→ Materials provided:
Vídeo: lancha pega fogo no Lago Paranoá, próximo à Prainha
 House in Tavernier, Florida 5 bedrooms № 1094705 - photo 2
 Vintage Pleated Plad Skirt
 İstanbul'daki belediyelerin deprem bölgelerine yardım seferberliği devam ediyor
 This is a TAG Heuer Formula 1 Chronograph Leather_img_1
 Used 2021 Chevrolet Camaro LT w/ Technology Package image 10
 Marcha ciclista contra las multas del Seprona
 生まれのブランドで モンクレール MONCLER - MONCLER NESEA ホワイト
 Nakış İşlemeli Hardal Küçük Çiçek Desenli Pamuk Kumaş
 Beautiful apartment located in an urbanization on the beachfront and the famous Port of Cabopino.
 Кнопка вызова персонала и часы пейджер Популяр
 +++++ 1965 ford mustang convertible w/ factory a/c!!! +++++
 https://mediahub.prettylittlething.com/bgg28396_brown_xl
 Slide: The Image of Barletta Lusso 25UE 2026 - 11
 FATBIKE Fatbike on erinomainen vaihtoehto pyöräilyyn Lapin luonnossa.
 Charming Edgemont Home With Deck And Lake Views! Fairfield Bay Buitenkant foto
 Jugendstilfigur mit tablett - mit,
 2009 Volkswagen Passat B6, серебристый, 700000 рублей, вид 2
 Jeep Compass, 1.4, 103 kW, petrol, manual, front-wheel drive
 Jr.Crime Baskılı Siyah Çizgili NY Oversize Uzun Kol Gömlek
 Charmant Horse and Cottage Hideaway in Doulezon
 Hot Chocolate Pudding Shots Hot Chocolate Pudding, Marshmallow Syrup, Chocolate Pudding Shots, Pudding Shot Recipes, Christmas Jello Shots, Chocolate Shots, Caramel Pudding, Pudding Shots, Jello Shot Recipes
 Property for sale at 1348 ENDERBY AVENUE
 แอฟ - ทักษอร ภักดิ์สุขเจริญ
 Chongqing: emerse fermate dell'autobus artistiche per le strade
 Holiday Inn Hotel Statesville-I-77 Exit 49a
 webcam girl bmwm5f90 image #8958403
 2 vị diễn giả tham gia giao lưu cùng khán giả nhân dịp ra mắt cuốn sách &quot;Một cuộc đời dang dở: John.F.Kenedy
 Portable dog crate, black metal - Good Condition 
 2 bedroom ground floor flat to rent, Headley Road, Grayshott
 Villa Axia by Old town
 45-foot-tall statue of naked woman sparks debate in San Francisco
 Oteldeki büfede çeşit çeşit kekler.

→ What this task involves: One stretch of the lines above is wanted, from the line that contains "Jugendstilfigur mit tablett" through the line that contains "Charmant Horse and". Output it exactly.

→ Answer section:
 Jugendstilfigur mit tablett - mit,
 2009 Volkswagen Passat B6, серебристый, 700000 рублей, вид 2
 Jeep Compass, 1.4, 103 kW, petrol, manual, front-wheel drive
 Jr.Crime Baskılı Siyah Çizgili NY Oversize Uzun Kol Gömlek
 Charmant Horse and Cottage Hideaway in Doulezon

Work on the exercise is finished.